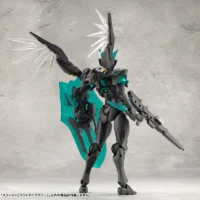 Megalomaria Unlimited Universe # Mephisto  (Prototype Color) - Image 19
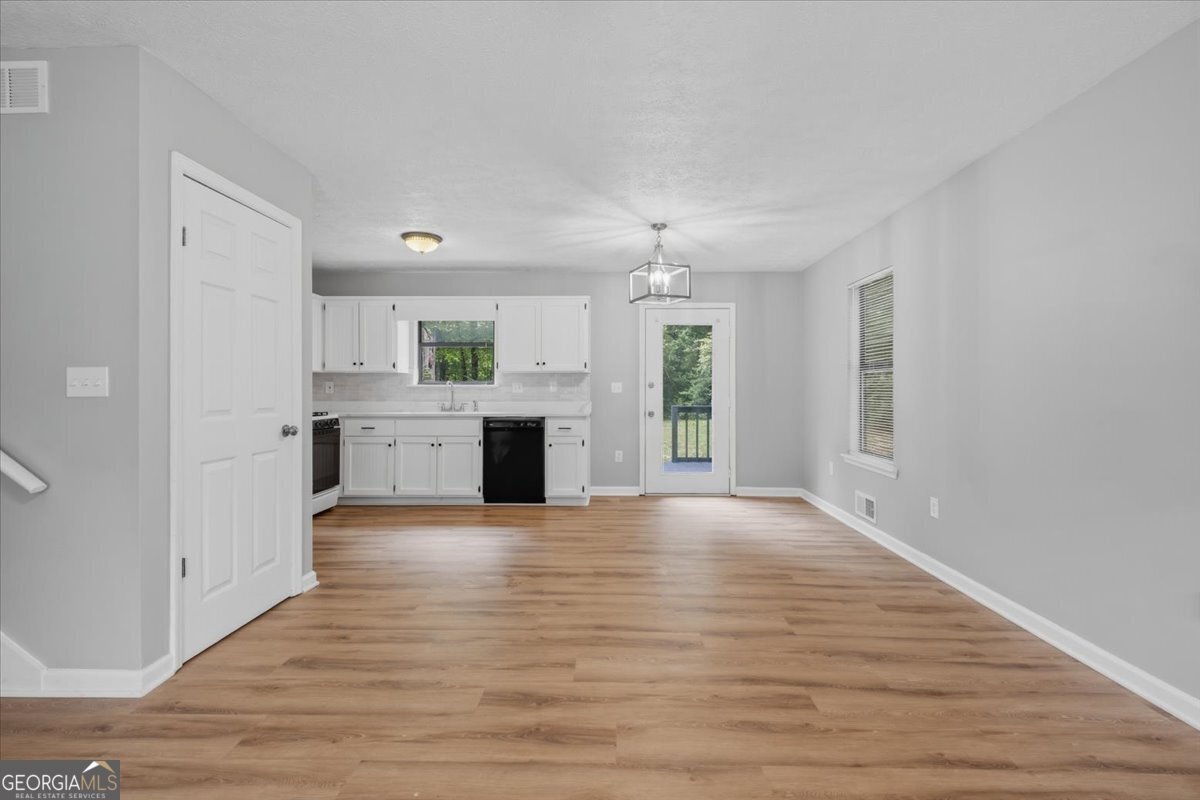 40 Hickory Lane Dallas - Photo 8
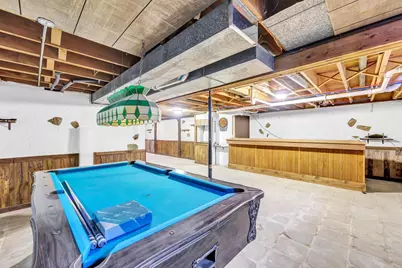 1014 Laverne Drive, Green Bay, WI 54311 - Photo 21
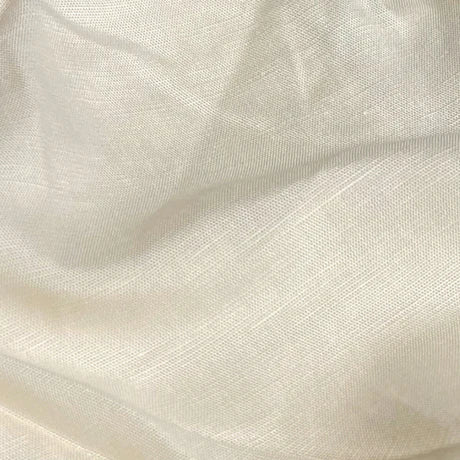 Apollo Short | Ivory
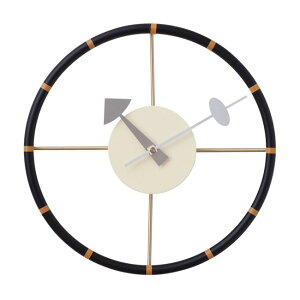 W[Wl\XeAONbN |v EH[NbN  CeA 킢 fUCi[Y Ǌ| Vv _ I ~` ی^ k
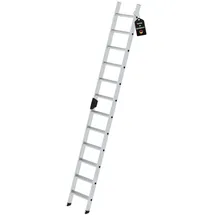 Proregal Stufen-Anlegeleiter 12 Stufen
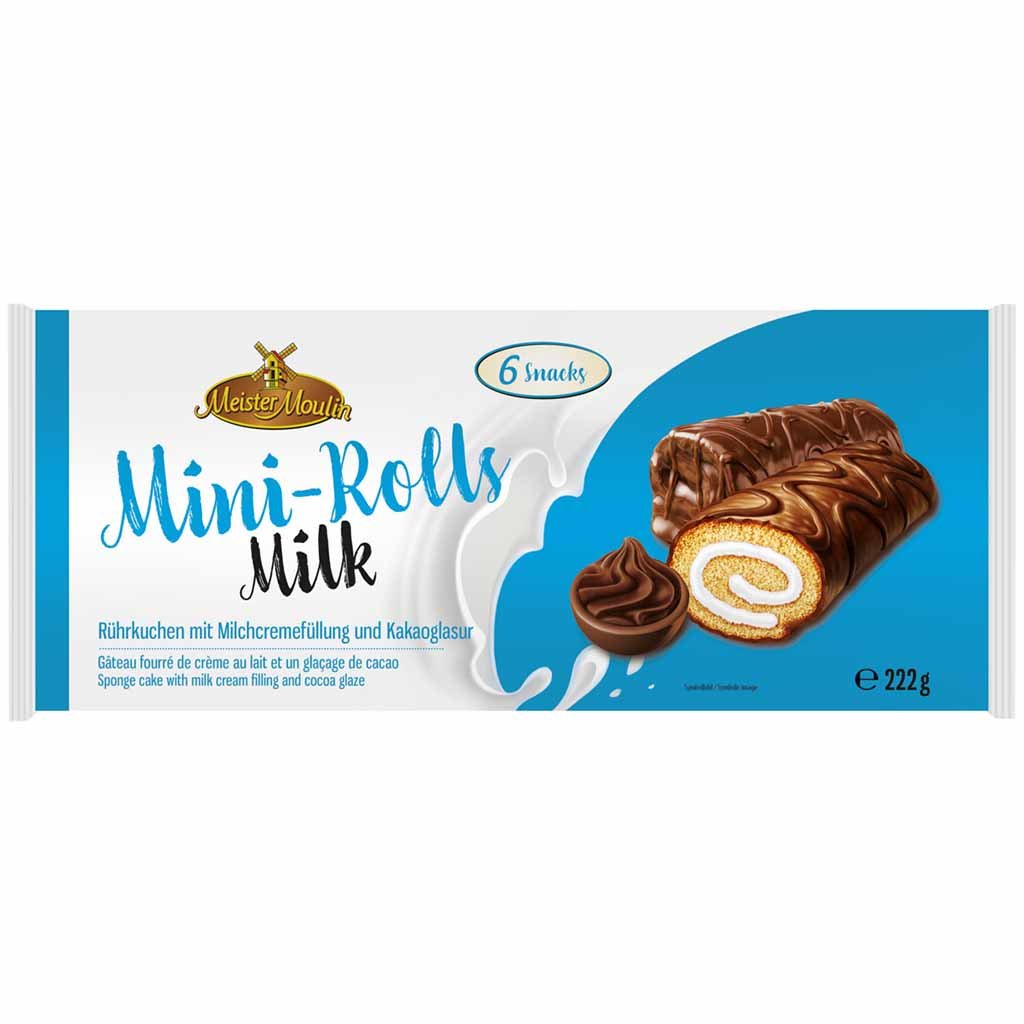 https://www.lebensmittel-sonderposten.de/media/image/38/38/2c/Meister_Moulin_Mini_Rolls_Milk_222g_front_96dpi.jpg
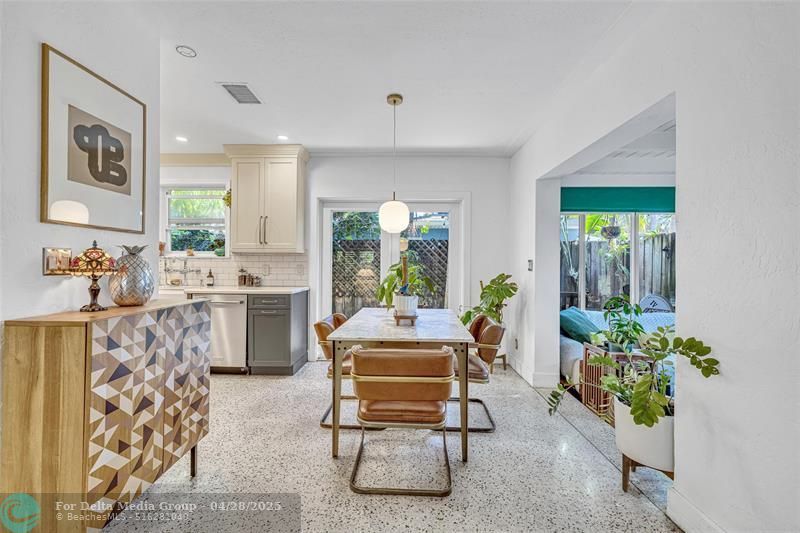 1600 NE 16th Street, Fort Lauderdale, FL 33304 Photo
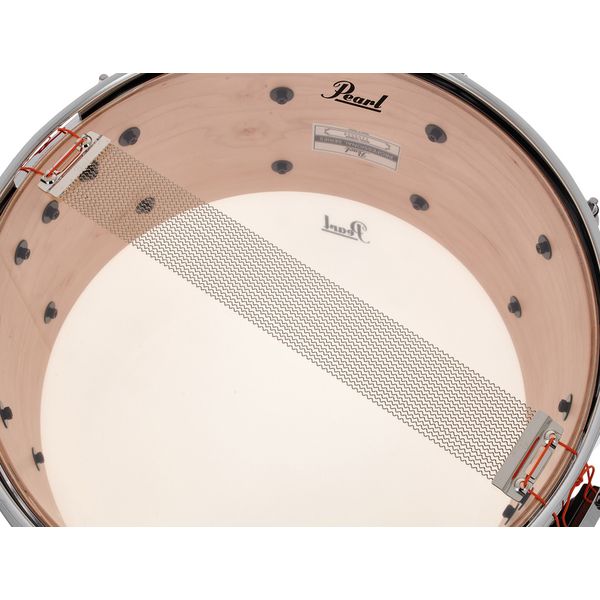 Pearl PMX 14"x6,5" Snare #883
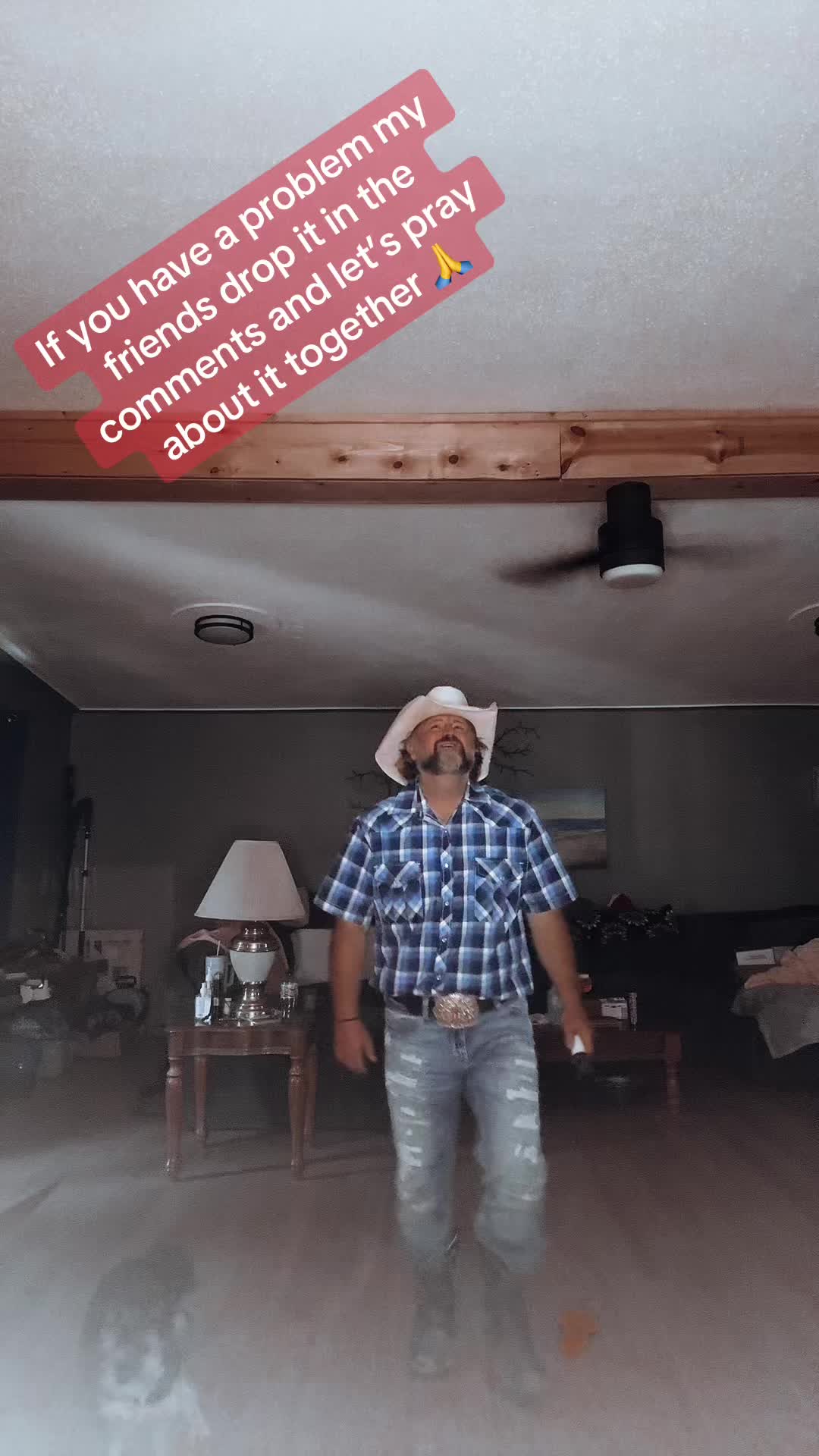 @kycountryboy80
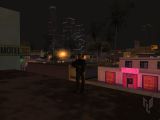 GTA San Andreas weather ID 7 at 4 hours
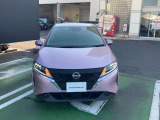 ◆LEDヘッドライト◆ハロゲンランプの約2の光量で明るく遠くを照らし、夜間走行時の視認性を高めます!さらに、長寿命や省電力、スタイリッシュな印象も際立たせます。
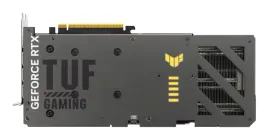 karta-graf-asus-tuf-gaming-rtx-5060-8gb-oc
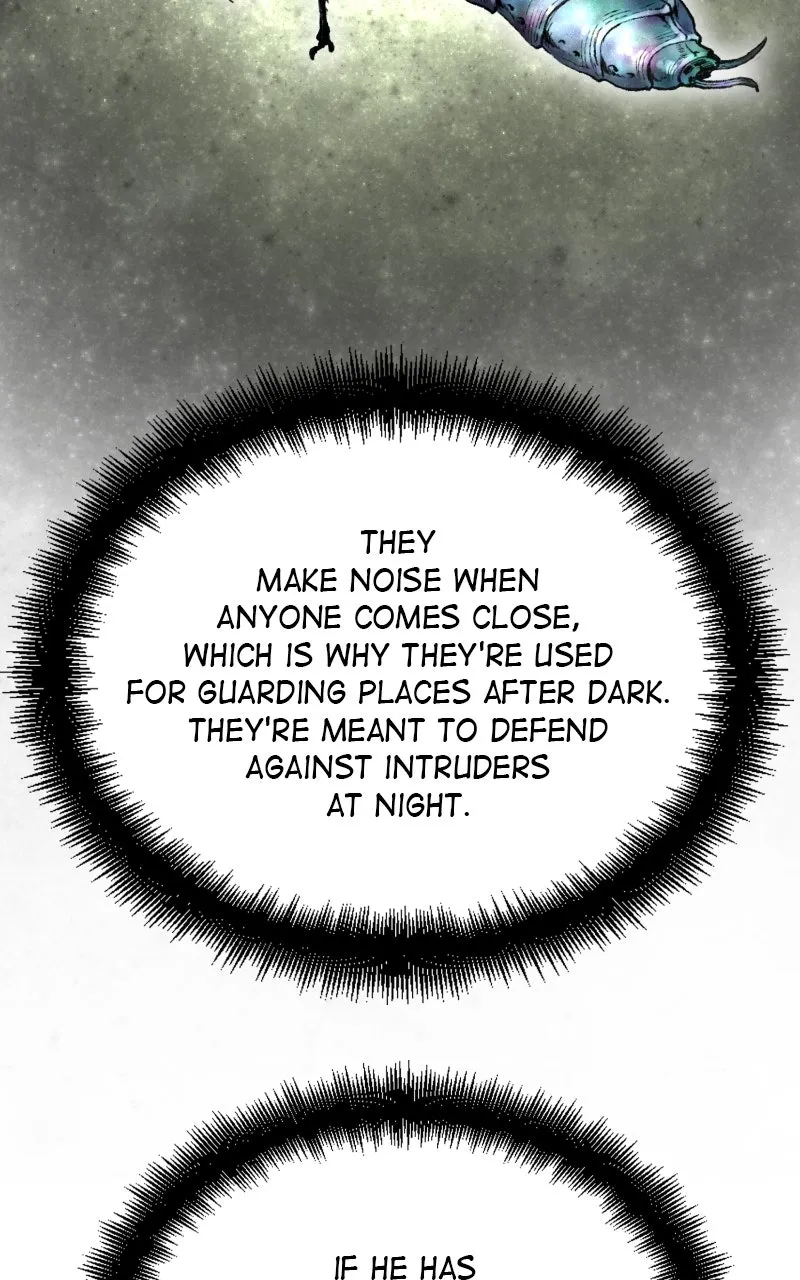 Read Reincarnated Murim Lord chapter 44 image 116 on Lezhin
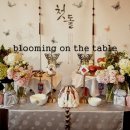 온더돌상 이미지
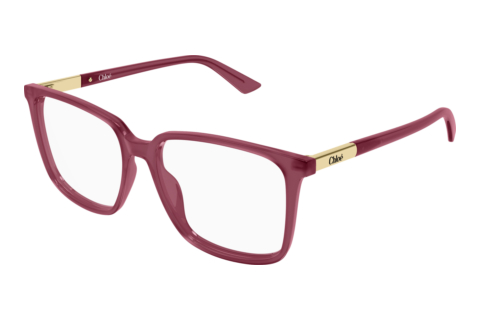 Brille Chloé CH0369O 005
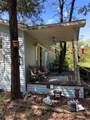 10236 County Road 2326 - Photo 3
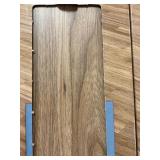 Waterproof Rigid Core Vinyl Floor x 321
+--
- _What is being asked_
Output all the records, word for word, with no pictures in the copy.

- _Task solution_
 Megalomaria Unlimited Universe # Mephisto  (Prototype Color) - Image 19
 40 Hickory Lane Dallas - Photo 8
 1014 Laverne Drive, Green Bay, WI 54311 - Photo 21
 Apollo Short | Ivory
 W[Wl\XeAONbN |v EH[NbN  CeA 킢 fUCi[Y Ǌ| Vv _ I ~` ی^ k
 Proregal Stufen-Anlegeleiter 12 Stufen
 https://www.lebensmittel-sonderposten.de/media/image/38/38/2c/Meister_Moulin_Mini_Rolls_Milk_222g_front_96dpi.jpg
 1600 NE 16th Street, Fort Lauderdale, FL 33304 Photo
 Pearl PMX 14"x6,5" Snare #883
 @kycountryboy80
 GTA San Andreas weather ID 7 at 4 hours
 ◆LEDヘッドライト◆ハロゲンランプの約2の光量で明るく遠くを照らし、夜間走行時の視認性を高めます!さらに、長寿命や省電力、スタイリッシュな印象も際立たせます。
 karta-graf-asus-tuf-gaming-rtx-5060-8gb-oc
 Read Reincarnated Murim Lord chapter 44 image 116 on Lezhin
 온더돌상 이미지
 Brille Chloé CH0369O 005
 10236 County Road 2326 - Photo 3
 Waterproof Rigid Core Vinyl Floor x 321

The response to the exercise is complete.